Recently a post about generating audiobooks started trending on hn, and some people in the comments wished they could clone their voice and narrate text without sending it off their machine. It’s never been easier!

For this example, we only need a mac, uv (modern python package manager), ffmpeg for audio processing and optionally chatgpt for transcribing your voice (but you can do it manually or use mlx-whisper, for example). We will be using F5-TTS-MLX, an open-source speech synthesis implementation of F5 TTS model in Apple Silicon array framework

The final result: Compare to the original source video with him. The source quality is very important!

Step by step guide

  1. Install ffmpeg and uv via brew install ffmpeg uv
  2. Create some directory and initialize a uv package mdiir voiceclone && cd voiceclone && uv init. In theory you could use uvx and skip this step like I do below for yt-dlp, but I wasn’t able to get it working her, so we will be using pip-like package.
  3. I won’t be using my own voice, but I liked pg’s essays, so I will use this video with him. Let’s download it using yt-dlp like `uvx yt-dlp -x —audio-format wav -o out.wav https://www.youtube.com/shorts/S0gEZ72uBWU
  4. We have to convert it to a suitable format with ffmpeg -i out.wav -ac 1 -ar 24000 -sample_fmt s16 -t 10 sample.wav
  5. We also should get a reference text for this audio. You only need it once, but it’s very important, so you can either do it manually or throw sample.wav into ChatGPT/Whisper/Gemini and get a transcription.
  6. Now, run the following command, replacing the --ref-audio with a text from step 5 and --text with your desired text: uv run -m f5_tts_mlx.generate --ref-audio sample.wav --ref-text "If you want to start up one day, if you want to start a startup one day, what do you do now in college? There are only two things you need initially." --output gen.wav --text "As for where political correctness began, if you think about it, you probably already know the answer. Did it begin outside universities and spread to them from this external source? Obviously not; it has always been most extreme in universities.”
  7. Your output file is gen.wav, and there are lots of customization options.
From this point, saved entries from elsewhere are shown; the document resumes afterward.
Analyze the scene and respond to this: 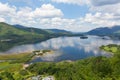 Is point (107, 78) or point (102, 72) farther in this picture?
point (102, 72)

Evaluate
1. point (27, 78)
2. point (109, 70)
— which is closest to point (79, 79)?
point (109, 70)

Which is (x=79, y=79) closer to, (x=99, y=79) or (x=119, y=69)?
(x=99, y=79)

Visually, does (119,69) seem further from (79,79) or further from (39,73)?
(39,73)

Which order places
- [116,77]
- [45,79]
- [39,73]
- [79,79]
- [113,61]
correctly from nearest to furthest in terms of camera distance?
[116,77] < [79,79] < [113,61] < [45,79] < [39,73]

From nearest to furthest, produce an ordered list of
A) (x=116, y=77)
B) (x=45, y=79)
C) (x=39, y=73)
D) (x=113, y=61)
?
(x=116, y=77) < (x=113, y=61) < (x=45, y=79) < (x=39, y=73)

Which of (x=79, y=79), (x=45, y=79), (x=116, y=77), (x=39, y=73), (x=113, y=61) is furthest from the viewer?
(x=39, y=73)

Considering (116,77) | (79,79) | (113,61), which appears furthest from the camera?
(113,61)

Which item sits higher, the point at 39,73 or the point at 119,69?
the point at 119,69

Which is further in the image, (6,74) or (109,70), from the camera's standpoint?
(6,74)

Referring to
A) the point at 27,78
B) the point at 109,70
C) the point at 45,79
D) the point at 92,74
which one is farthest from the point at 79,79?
the point at 27,78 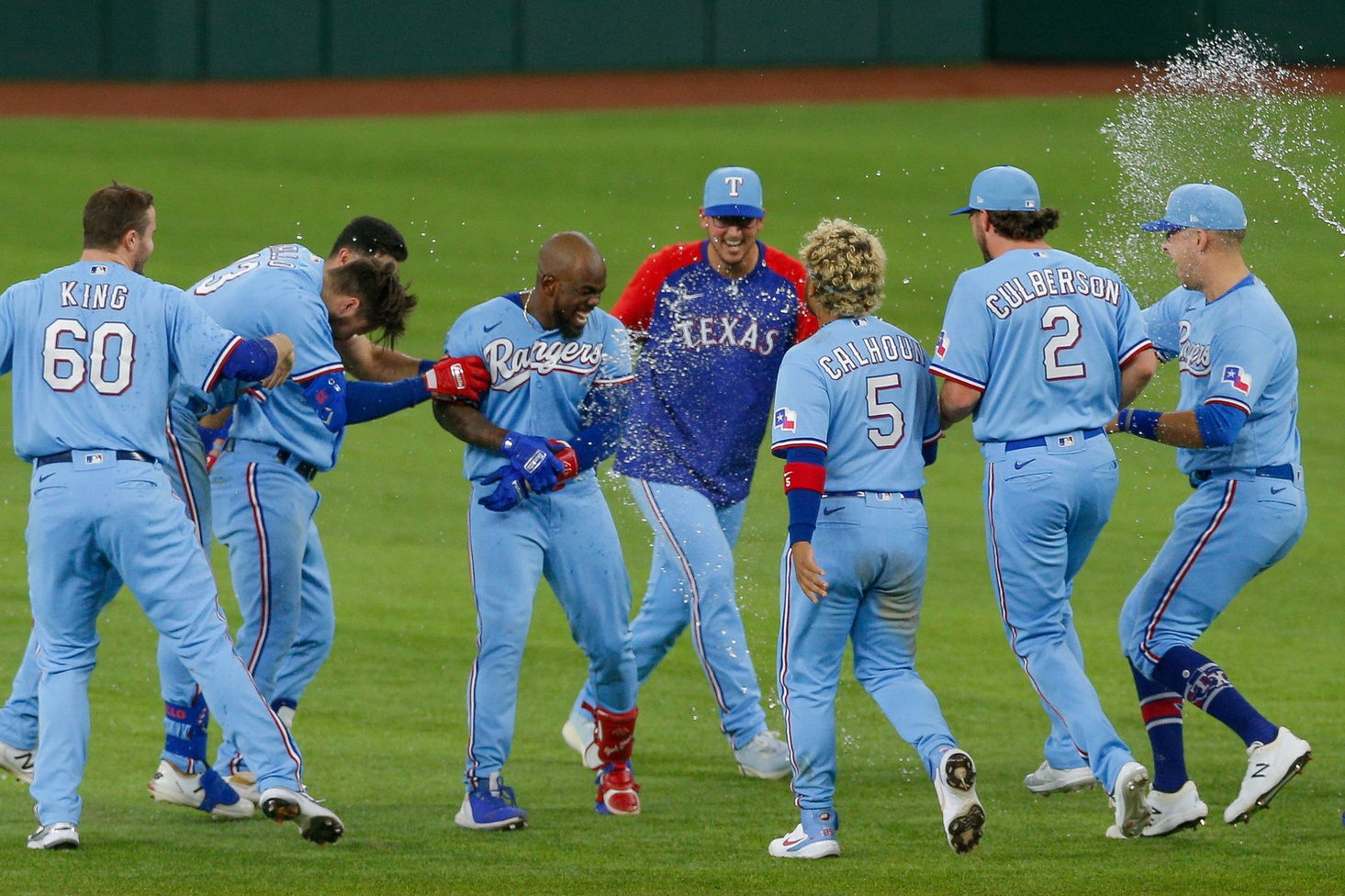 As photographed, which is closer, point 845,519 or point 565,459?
point 845,519

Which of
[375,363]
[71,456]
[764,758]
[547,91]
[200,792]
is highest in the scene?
[547,91]

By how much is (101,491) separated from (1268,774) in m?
3.66

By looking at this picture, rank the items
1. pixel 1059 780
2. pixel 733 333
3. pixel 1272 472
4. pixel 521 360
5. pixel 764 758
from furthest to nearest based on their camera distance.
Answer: pixel 733 333, pixel 764 758, pixel 1059 780, pixel 521 360, pixel 1272 472

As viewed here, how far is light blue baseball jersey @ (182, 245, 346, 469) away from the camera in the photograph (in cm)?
559

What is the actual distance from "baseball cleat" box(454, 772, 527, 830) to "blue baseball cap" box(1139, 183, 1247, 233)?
297 cm

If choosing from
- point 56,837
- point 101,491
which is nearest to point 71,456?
point 101,491

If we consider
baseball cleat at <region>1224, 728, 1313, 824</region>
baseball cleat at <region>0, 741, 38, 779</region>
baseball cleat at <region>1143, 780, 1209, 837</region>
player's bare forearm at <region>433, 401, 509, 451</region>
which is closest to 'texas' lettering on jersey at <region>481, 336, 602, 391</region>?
player's bare forearm at <region>433, 401, 509, 451</region>

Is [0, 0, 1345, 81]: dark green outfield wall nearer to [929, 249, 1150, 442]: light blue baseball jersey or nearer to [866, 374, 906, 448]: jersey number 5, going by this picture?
[929, 249, 1150, 442]: light blue baseball jersey

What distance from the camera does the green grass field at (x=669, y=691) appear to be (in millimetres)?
4906

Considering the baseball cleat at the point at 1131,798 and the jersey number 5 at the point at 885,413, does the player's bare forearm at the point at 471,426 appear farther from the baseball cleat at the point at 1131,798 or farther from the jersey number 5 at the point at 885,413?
the baseball cleat at the point at 1131,798

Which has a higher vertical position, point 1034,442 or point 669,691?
point 1034,442

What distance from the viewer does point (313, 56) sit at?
26.0 metres

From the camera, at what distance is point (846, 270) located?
5148 millimetres

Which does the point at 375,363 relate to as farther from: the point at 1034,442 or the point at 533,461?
the point at 1034,442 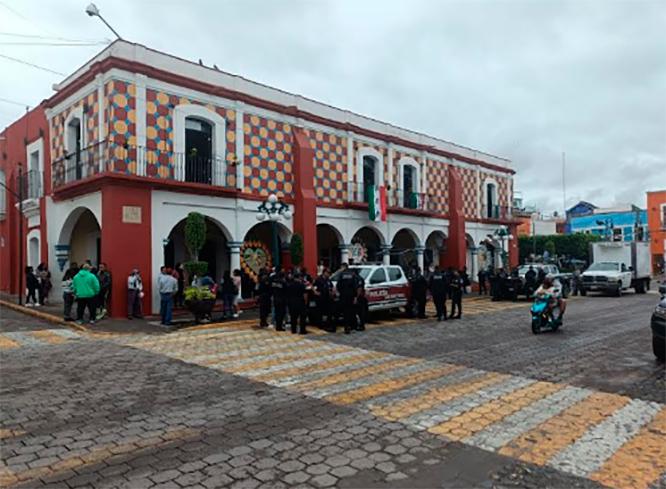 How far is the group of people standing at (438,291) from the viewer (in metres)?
15.5

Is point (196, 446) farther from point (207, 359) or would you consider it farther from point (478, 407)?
point (207, 359)

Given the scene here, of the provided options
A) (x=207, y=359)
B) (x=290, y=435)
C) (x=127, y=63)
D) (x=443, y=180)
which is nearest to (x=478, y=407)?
(x=290, y=435)

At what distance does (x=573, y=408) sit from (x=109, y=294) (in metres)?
12.6

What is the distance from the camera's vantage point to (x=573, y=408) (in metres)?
6.09

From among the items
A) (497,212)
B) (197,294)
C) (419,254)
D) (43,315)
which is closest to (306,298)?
(197,294)

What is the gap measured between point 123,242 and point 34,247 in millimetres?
7904

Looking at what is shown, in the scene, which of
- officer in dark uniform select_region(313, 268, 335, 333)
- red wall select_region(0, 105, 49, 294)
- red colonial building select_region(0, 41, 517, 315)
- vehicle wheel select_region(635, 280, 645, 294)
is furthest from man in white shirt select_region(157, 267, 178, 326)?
vehicle wheel select_region(635, 280, 645, 294)

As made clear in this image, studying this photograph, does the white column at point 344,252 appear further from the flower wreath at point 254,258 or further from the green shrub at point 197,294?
the green shrub at point 197,294

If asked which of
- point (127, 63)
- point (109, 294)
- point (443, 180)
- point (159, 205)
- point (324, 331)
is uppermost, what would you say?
point (127, 63)

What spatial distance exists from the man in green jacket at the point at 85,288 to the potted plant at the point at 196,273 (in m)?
2.37

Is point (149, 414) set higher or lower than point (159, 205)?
lower

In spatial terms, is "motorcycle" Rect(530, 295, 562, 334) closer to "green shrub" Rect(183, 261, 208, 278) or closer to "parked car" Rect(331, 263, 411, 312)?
"parked car" Rect(331, 263, 411, 312)

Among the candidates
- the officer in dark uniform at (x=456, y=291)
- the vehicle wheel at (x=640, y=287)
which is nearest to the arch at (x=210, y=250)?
the officer in dark uniform at (x=456, y=291)

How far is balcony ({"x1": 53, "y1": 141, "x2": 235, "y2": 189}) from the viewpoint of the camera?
1495cm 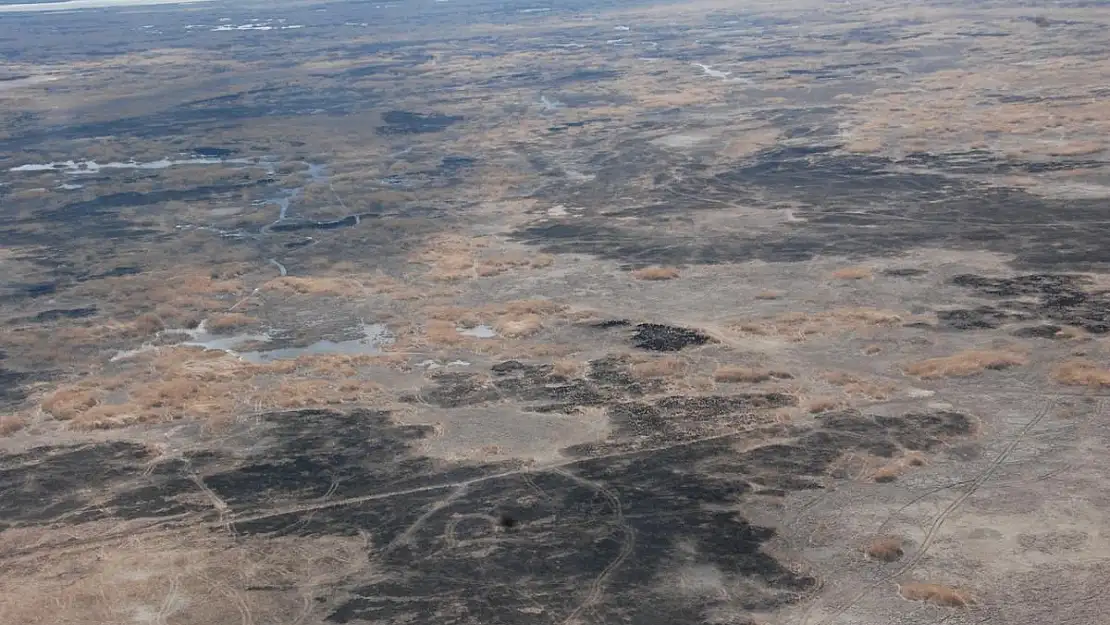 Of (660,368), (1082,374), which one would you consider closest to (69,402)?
(660,368)

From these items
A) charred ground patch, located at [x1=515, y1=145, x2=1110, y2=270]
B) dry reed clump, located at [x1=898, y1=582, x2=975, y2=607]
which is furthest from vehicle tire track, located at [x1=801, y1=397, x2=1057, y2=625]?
charred ground patch, located at [x1=515, y1=145, x2=1110, y2=270]

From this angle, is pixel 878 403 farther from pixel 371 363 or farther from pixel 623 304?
pixel 371 363

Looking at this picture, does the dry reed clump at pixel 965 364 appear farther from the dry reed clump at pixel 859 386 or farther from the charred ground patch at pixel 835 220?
the charred ground patch at pixel 835 220

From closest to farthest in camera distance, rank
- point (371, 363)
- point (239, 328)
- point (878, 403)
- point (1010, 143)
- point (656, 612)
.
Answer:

F5 can generate audio segments up to 30 seconds long (this includes the 10-second reference audio), so working with shorter sentences is generally easier

Going beyond

The original implementation has 🇬🇧🇺🇸🇫🇮🇫🇷🇮🇳🇮🇹🇯🇵🇨🇳🇷🇺🇪🇸 language support. The MLX implementation also includes a duration predictor specifically for English, which simplifies the creation of natural-sounding audio, but it’s not available in other languages. Personally I’m interested in German, and someone fine-tuned F5 for it, so additionally training a duration predictor can help to translate audio to it, similar to what Lex Fridman did for the interview with Javier Milei, but open source.